Further sections of the workroom become unlocked over the course of the game. These include a test track which can identify issues with a car's brakes and suspension and a paintshop which is used to paint and customize the car's body.

==Reception==

The Switch version of Car Mechanic Simulator received "generally unfavorable reviews" and the Xbox One received "generally favorable reviews" on Metacritic.

Rock Paper Shotgun called the game "singularly captivating and cathartic" while criticising a large number of bugs present in the initial release, as well as a number of the design decisions.
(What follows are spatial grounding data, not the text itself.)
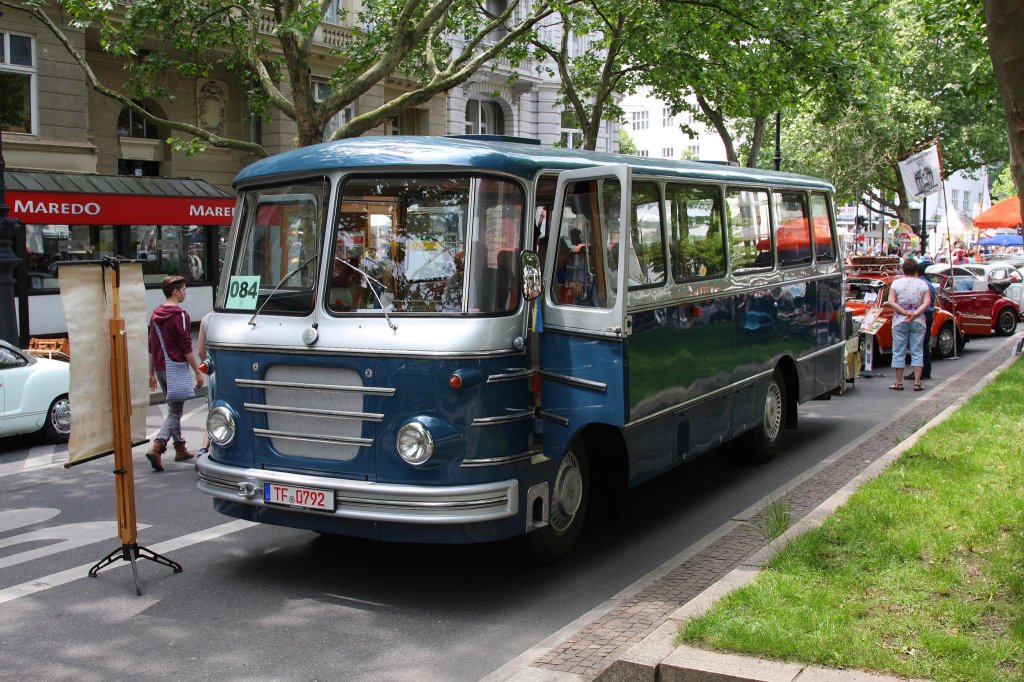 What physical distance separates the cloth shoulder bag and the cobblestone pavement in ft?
18.1

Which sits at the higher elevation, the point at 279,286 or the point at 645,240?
the point at 645,240

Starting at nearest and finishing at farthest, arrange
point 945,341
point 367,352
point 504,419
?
point 367,352 → point 504,419 → point 945,341

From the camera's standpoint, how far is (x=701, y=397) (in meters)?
8.57

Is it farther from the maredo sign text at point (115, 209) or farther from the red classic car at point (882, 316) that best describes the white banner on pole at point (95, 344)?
the maredo sign text at point (115, 209)

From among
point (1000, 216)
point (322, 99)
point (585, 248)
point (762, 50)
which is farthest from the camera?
point (1000, 216)

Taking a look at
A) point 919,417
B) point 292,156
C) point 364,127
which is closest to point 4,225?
point 364,127

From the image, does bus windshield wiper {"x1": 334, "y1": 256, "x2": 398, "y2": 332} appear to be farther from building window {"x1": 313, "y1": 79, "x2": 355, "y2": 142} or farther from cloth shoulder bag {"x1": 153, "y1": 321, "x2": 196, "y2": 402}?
building window {"x1": 313, "y1": 79, "x2": 355, "y2": 142}

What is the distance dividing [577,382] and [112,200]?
17.6 m

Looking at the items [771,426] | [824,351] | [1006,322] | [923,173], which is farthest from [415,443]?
[1006,322]

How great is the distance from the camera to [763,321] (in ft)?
32.6

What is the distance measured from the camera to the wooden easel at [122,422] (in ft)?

A follow-up review after patching was complete indicated that the technical issues had been resolved.

The Nintendo Switch version of the game was heavily criticised by Nintendo Enthusiast, who criticised it for being a port of the mobile release, calling it "a really sad attempt at making a quick buck off of unsuspecting buyers".

Aggregate score
| Aggregator | Score |
|---|---|
| Metacritic | NS: 41/100 XONE: 75/100 |

==Downloadable content==
A variety of downloadable content is available for Car Mechanic Simulator 2018, the majority of which expands the range of cars available. Unlike the cars in the base game, which are fictional analogues for real cars, DLC cars are officially licensed replicas. These cars are integrated into the existing game, marked with a "DLC" banner in their description.
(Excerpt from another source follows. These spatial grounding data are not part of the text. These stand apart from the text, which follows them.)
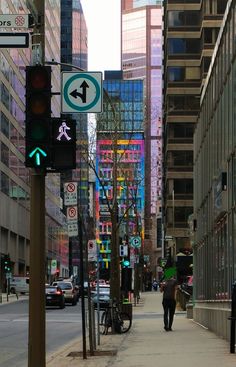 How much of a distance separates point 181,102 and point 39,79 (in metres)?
84.2

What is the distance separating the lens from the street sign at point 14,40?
10.3 m

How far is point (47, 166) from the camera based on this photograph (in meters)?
9.74

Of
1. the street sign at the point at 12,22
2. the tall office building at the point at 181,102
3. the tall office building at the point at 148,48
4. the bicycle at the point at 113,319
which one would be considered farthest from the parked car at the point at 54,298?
the tall office building at the point at 148,48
In addition to the cars, on October 30, a free Tuning DLC was released. This expands the number of cosmetic upgrades and high performance parts that can be used to improve the vehicles the player builds. The player can also unlock a Dyno that can be used to check how much the vehicle has improved compared to its previous state.

| Name | Release date | Cars Included |
|---|---|---|
| Mazda | July 28, 2017 | Mazda RX-7 (FD3S) and 1978 Mazda Savanna RX-3 |
| Dodge | July 28, 2017 | 1968 Dodge Charger and 1970 Dodge Challenger R/T. |
| Jeep | October 20, 2017 | Jeep Grand Cherokee SRT, Jeep Willys Military, Jeep Willys Civilian, Jeep Wrangler. This DLC also unlocks the off-roading track. |
| Plymouth | December 11, 2017 | 1970 Plymouth Roadrunner, 1971 Plymouth HEMI Cuda. This DLC also unlocks the drag strip. |
| Bentley | January 29, 2018 | 2016 Bentley Continental GT Speed, 1970 Bentley T-Series T1 Four Door Saloon |
| Lotus | March 5, 2018 | Lotus Esprit S1, Lotus Elise S1 |
| Pagani | April 2, 2018 | Pagani Zonda Revolucion, Pagani Huayra |
| Ford | June 4, 2018 | 1971 Ford Mustang Mach 1, 2017 Ford F-350 Super Duty, 2017 Ford Mustang, 1964 Ford GT40 |
| Porsche | October 8, 2018 | 1993 Porsche 911 Turbo S (964) 3.6, 1993 Porsche 911 RS America (964) 3.6, 2016 Porsche 911 Carrera S (991.2), 2003 Porsche Carrera GT |
| Dodge Modern | December 20, 2018 | 2015 Dodge Challenger SRT Hellcat and 2015 Dodge SRT Viper GTS |
| Maserati Remastered | March 2, 2019 | Maserati GranTurismo MC Stradale, Maserati Sebring and Maserati Quattroporte |
| RAM | May 10, 2019 | Dodge Ram SRT-10 and Dodge Ram 3500 |
| Mercedes-Benz | January 15, 2020 | Mercedes-Benz 300 SL Gullwing (W198), Mercedes-Benz 560 SEC (W126), Mercedes-Benz 500E (W124), Mercedes-Benz SLS AMG (C197) and Mercedes-Benz 280 SL Pagoda (W113) |
| Chrysler | March 25, 2020 | 2008 Chrysler 300C SRT8 and 1975 Chrysler Cordoba |

== Sequel ==
Car Mechanic Simulator 2021 was released on August 11, 2021 for Windows, PlayStation 4, Xbox One and Xbox Series X/S. On May 2, 2022, it also released on PlayStation 5. Games.cz called it akin to a remaster with minor added features, but not enough to justify an upgrade if one already owned all DLC for the previous game.